Rand recovers after slide, stocks spike

South Africa’s rand recovered on Wednesday after a sharp fall in the previous session when data showed the economy contracted by the most on record in the second quarter.

At 1500 GMT, the rand was 1.85% firmer at R16.61 per dollar, after slumping more than 1% on Tuesday when a plunge in gross domestic product rattled already fragile investor sentiment.

“Despite all of this negativity, the rand is standing tall against the dollar and other G10 currencies today,” said Lukman Otunuga, senior research analyst at FXTM.

“The rand remains influenced by external drivers in the form of Covid-19 developments, US-China trade and global sentiment. If the rand can keep up this positive momentum, prices may test R16.50 in the near term.”

Africa’s most advanced economy shrank 51% in the second quarter due to the coronavirus restrictions, its fourth consecutive quarterly contraction, data showed on Tuesday.

On Wednesday, a survey showed that South Africa’s business confidence recovered from an all-time low in the third quarter of the year as coronavirus-led curbs were largely lifted, but consumer sentiment remained heavily depressed.

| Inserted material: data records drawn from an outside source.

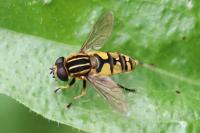 Helophilus pendulus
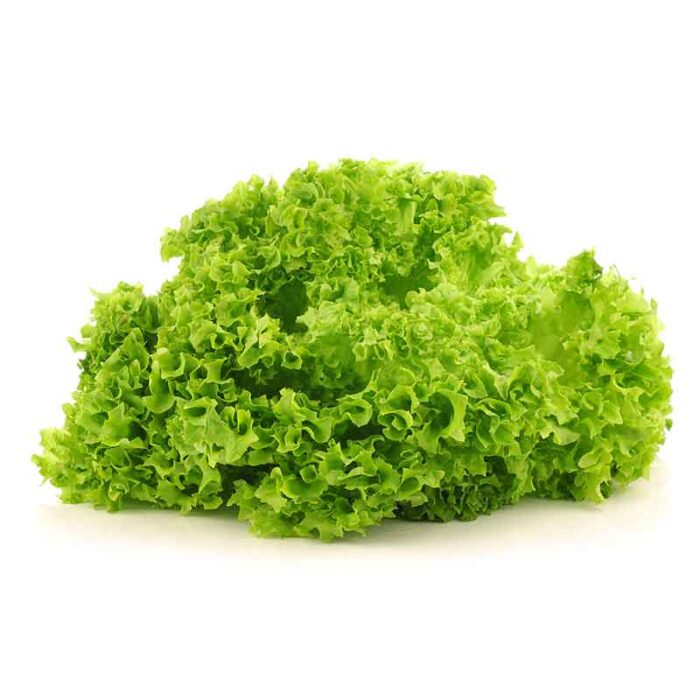 lollo_bionda_lettuce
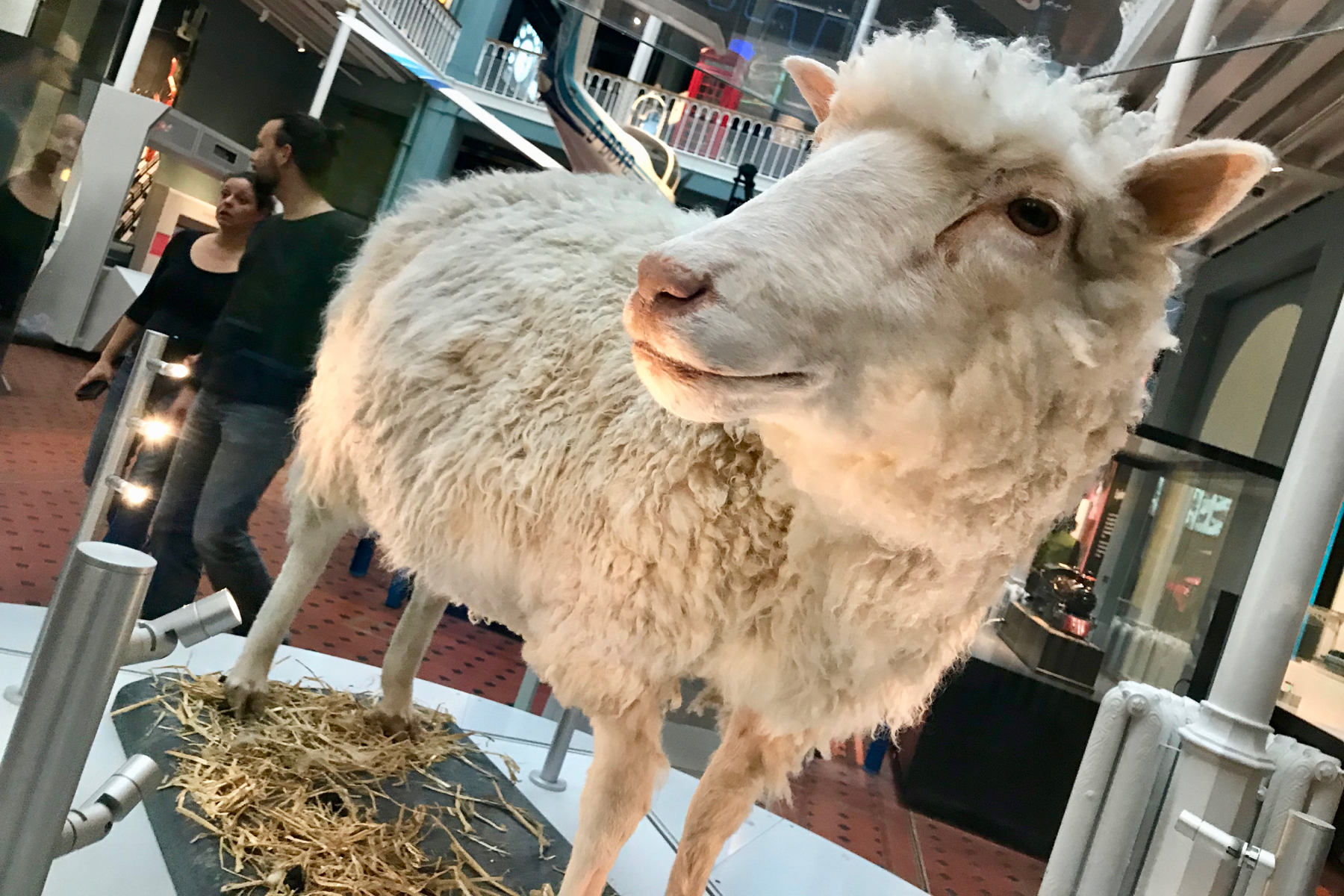 A close-up photo of Dolly the Sheep, the first mammal to be cloned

This helped buoy stocks, with the Johannesburg Stock Exchange’s All-Share Index seeing its biggest daily rise since August 4 in terms of points. It ended the day 1.42% higher, at 55,211 points. The blue-chip Top 40 index gained 1.31% to 50,838 points.

Companies that benefit from a strong economy, namely banks and retailers, led the blue-chip index higher, with retailer Shoprite the biggest gainer.

It rose more than 10%, followed closely by three of South Africa’s major banks – Standard Bank, Nedbank and Absa – which closed up 9%, 8.9% and 8.2% respectively.

Bonds were weaker, with the yield on the benchmark 2030 government paper up 2 basis points to 9.275%.